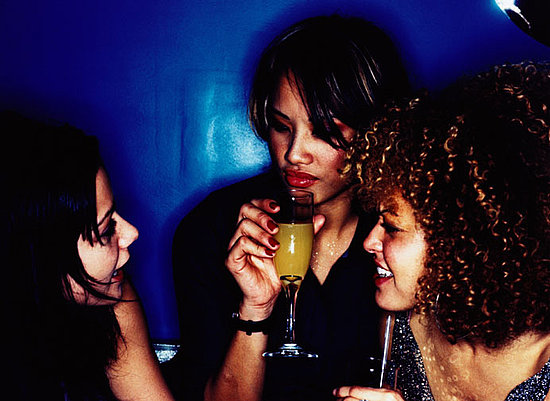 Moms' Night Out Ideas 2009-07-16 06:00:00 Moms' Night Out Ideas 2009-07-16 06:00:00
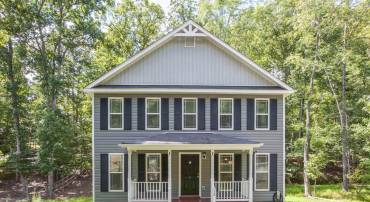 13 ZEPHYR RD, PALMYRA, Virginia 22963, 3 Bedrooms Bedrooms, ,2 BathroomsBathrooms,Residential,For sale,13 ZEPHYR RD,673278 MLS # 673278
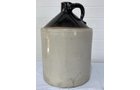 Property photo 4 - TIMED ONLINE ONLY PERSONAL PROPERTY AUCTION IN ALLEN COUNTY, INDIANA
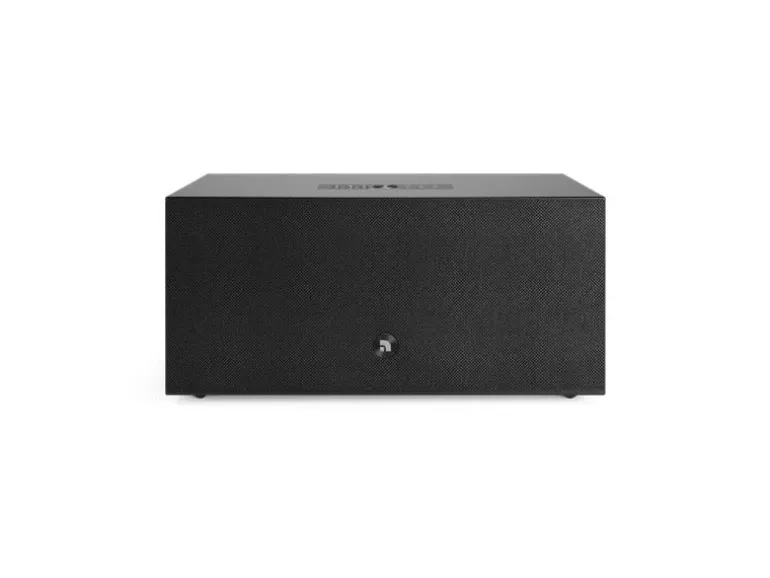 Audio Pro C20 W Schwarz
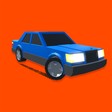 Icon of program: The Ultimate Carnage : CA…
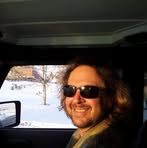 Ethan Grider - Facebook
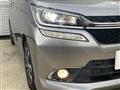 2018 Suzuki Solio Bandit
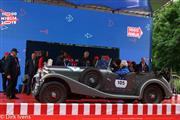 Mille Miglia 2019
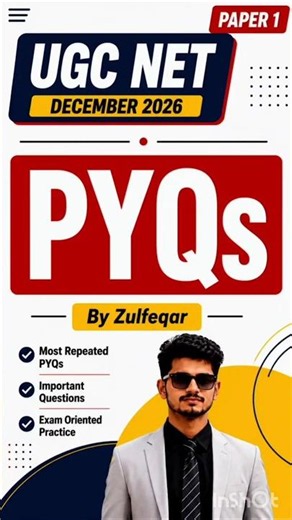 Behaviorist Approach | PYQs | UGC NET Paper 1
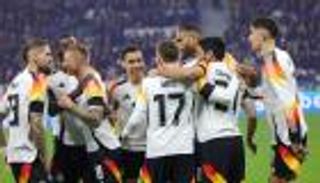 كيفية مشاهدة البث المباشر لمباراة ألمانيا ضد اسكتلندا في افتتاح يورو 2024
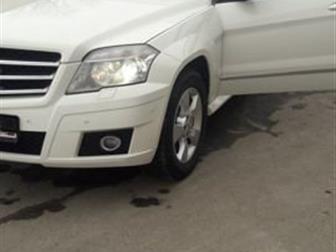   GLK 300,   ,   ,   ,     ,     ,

——

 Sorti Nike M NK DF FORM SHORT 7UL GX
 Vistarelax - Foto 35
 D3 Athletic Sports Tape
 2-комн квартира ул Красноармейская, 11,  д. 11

——

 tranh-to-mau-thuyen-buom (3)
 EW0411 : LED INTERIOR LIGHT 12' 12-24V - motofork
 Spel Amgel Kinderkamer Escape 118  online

——

Above are the records; from them, give again exactly the lines from the one containing "Vistarelax - Foto 35" through the one containing "2-комн квартира ул", both included.

▶ _Answer area_:
 Vistarelax - Foto 35
 D3 Athletic Sports Tape
 2-комн квартира ул Красноармейская, 11,  д. 11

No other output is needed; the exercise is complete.